I had another pending task of trying to get some transcripts from University of Mumbai. Not having my originals, the university seems to have implemented rules to slowly suck the life of the applicant before providing some copies. Since the University requires a First Information Report (FIR) to be filed with the local police station, I made a trip to Vashi Police station in Navi mumbai. Of course the police are never co-operative and they made me go to Turbhe Police station to file the FIR who promptly sent me back to Vashi. After I made an affidavit, the police registered a FIR only after demanding a bribe of Rs 200. Funny how the very implementors of the government’s drive against corruption are the major perpetrators.
Somethings probably never change but there is a stark difference between the old and the new

Dakshin Bharat

Just came back from a short south india trip covering Kochi (Ernakulam), Munnar, Guruvayur, Madurai, Trichy, Tanjavur and Bangalore.

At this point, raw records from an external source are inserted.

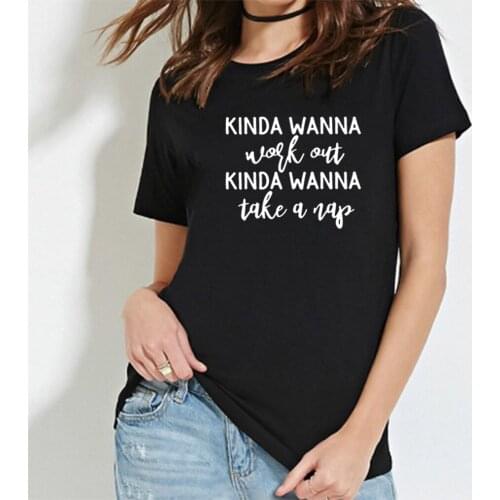 Kinda Wanna Workout Kinda Funny T Shirts Women Short Sleeve O-neck Tee Shirt Femme White Tshirt Women Loose Camiseta Mujer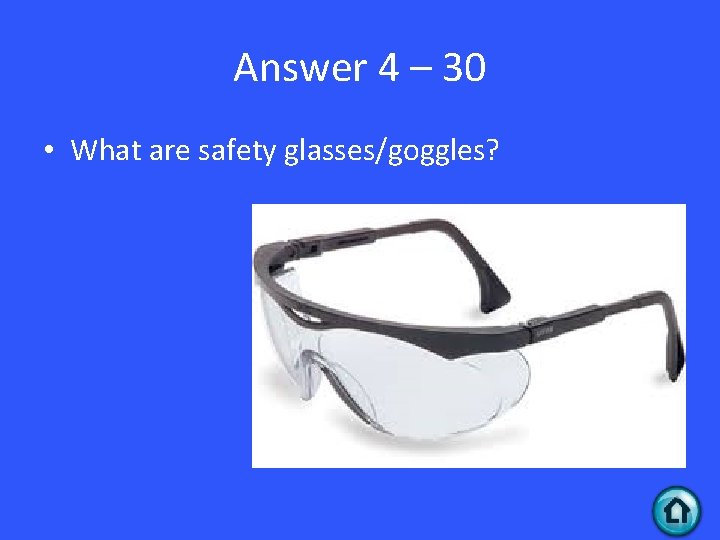 Answer 4 – 30 • What are safety glasses/goggles? 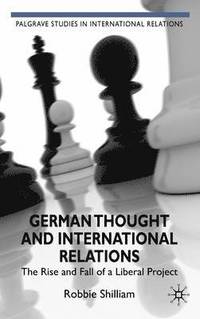 bokomslag German Thought and International Relations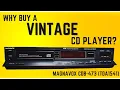 Lagu Why You Should Buy a Vintage CD Player?! | Magnavox CDB 473 (TDA1541)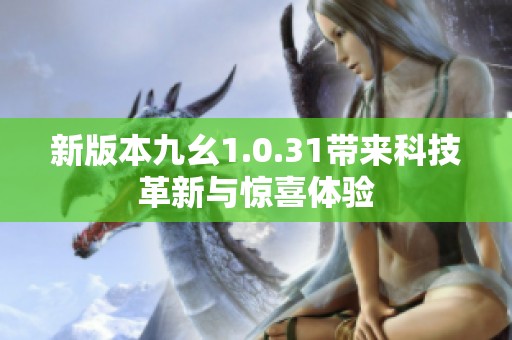 新版本九幺1.0.31带来科技革新与惊喜体验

The last time I visited Kerala was about 15 years ago and I seem to have forgotten how beautiful it was. One of the lasting images of kerala is the relative well-to-do-ness of the local population. This is amply evident by the fresh coats of paints on most houses as well as the lack of slums near most urban areas. The breath taking beauty of the backwaters was amazing and taking boat/ferry’s around kochi harbor and the backwaters is highly recommended.
Took a day trip to Guruvayur to visit one of hinduism’s holiest temples. It was nice to see that the temple priests still stick to tradition, though I did have to buy a dhoti to be allowed in.
Continued with my love affair with the hill stations of India and took a trip to Munnar. Munnar is famous for its tea plantations and it was no surprise that all the hills in and around Munnar were covered with tea estates. The relative cool weather was a welcome relief from the heat of the plains as well.
After Munnar we slipped over the border to the temple city of Madurai. It was sad to see the meenakshi temple becoming a place of commercial activity with shops being allowed to be set up right within the temple complex, but atleast non hindus were allowed into most of the temple complex unlike guruvayur temple which was for hindus only.
We moved on Trichy and stopped over for a couple of hours just to see their temple built upon a hill. It was another disappointing experience of a temple being converted to a place of commercial activity and so we left to go towards Tanjavur.
Tanjavur still has the old town feel to it and its temple complex has been the best kept of the ones visited in my trip. Its open for everyone and is big and clean. The architecture is typical of the great cholan empire and is one of the best preserved monuments from that time.
Ofcourse both kerala and tamil nadu dont seem to have made much progress in learning any of the other indian languages. For some reason they seem stubbornly stuck on speaking the local language and hindi and english are not spoken for the most part. Inspite of the problems of communication, its been a great adventure.